Как оставить свой взвод без офицера? Ведь предстояло наступление и значит большие бои. Да и жалко стало своих ребят бросать, вместе уже 8 месяцев и 4 месяца в боях. Младший сержант Сытков Иван Васильевич – мой помощник, наверное, справился бы с должностью и без меня, но впереди наступление! Я пошел к комбату и попросил, что бы меня оставили во взводе до развития наступления или до перехода в оборону. Комбат не возражал, но попросил меня продолжить разведку по совместительству. Я согласился.
15 ноября 1942 года. Раннее утро. Загрохотали наши орудия, вздыбилась земля на фашистских позициях. Ровно час продолжалась обработка переднего края и ближнего тыла из всех орудий нашего фронта. Только смолкли орудия, как прозвучала команда: «Вперед!». Моральный дух в это время был уже сильным, все почувствовали нашу мощь и все были веселые и довольные тем, что наконец-то наступаем. Никто не думал о смерти, об опасности.
 Однако в первый день мы продвинулись только на 1-1,5 километра, противник отчаянно сопротивлялся. Однако и этот день не прошел для меня без памятных событий.

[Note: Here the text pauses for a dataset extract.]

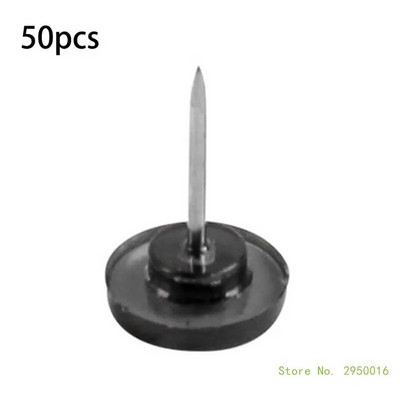 50/100 tükki hammasrattakujulised surunõelad Lameda peaga kaarditihvtid Läbipaistvad tihvtid korkplaadi jaoks, läbipaistvad õmblusnõelad kangaõmblemiseks
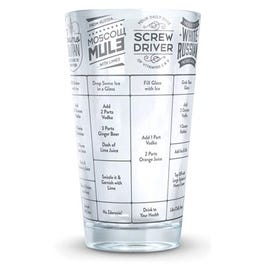 Good Measure Drinking Glass, Vodka Recipes, 16-oz.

 День был теплый, и я пошел в наступление без шинели, только в меховой безрукавке. К вечеру наткнулись на глубоко эшелонированную оборону противника. Наступление застопорилось. Мы стали окапываться. Мы как раз захватили минометную позицию противника с минометами и почти полным боекомплектом. Сразу мы этим воспользовались и били по врагу. «Его салом, ему же по мусалам». Как раз немцы пошли в контратаку, и мы встретили фрицев его же минами. Били так, что стволы у минометов раскалились докрасна. Фрицев навалили много, все поле было черным. Стемнело, надо было устраиваться на ночь, но шинели нет, а морозец прижимает. Я стал замерзать. А когда старшина привез ужин, я спросил о шинели, но тот сказал, что ее не нашел. Уйти некуда, чувствую, что пропадаю. Выкопал себе окопчик, разбил одну цинковую коробку из под патронов, и сделал из нее наподобие печурки.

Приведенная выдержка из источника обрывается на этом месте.